Philippinen: Ein Land geht auf Menschenjagd

Trotz Lynchjustiz und tausender Toter steht die Mehrheit der Bevölkerung hinter Präsident Duterte.

"Dank Präsident Duterte kann ich meine Tochter endlich beruhigt auf der Straße spielen lassen", sagt Dumlao, ein philippinischer Soldat, gegenüber dem KURIER. Duterte sei der beste Präsident, den sein Land je gehabt habe. Dass auf vielen Straßen das Blut von beinahe 2000 getöteten mutmaßlichen Drogendealern noch nicht getrocknet ist, stört Dumlao nicht. "Sie haben es verdient", ist er überzeugt.

Seit Rodrigo Duterte am 30. Juni als Präsident der Philippinen vereidigt wurde, findet dort eine beispiellose Menschenjagd statt: Mehr als 10.000 mutmaßliche Drogendealer wurden verhaftet, die Polizei hat bis jetzt 756 Verdächtige erschossen, knapp 1200 wurden von sogenannten Todesschwadronen hingerichtet. Ohne Verfahren, ohne rechtliche Grundlage, auf Aufforderung des Präsidenten.

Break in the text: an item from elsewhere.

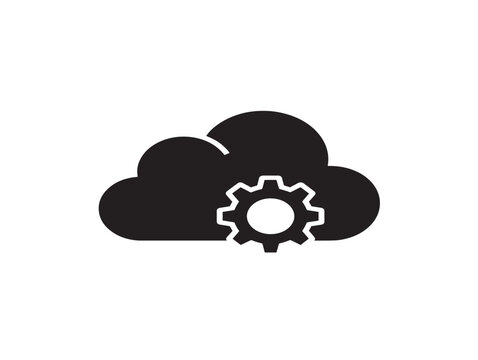 cloud computing gear integration vector illustration flat design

Schon während seines Wahlkampfes hatte Duterte angekündigt, unbarmherzig gegen die Drogenkriminalität im Land vorzugehen. "Ich werde euch alle umbringen, in die Bucht von Manila werfen und damit die Fische füttern", hatte er getönt.

In einem halben Jahr will Duterte Kriminalität und Korruption beendet haben, dazu forderte er die Bürger auf, "jeden Drogendealer in der Nachbarschaft zu erschießen".

Kritiker beschimpft

Die Senatorin und ehemalige Justizministerin Leila De Lima will eine Untersuchung der Morde vornehmen, da "solche Taten eine Untersuchung verlangen". Duterte nannte sie daraufhin eine "unmoralische Frau" und warf ihr vor, durch ihren Ex-Freund in den Drogenhandel verstrickt zu sein.

Auch die Kritik von Menschenrechtsorganisationen, UNO oder Botschaftern scheint Duterte egal zu sein – vergangenen Sonntag hatte er angekündigt, aus der UNO austreten zu wollen, nachdem er für seine Politik kritisiert wor-den war. Im Nachhinein nannte er seine Aussage einen "Spaß".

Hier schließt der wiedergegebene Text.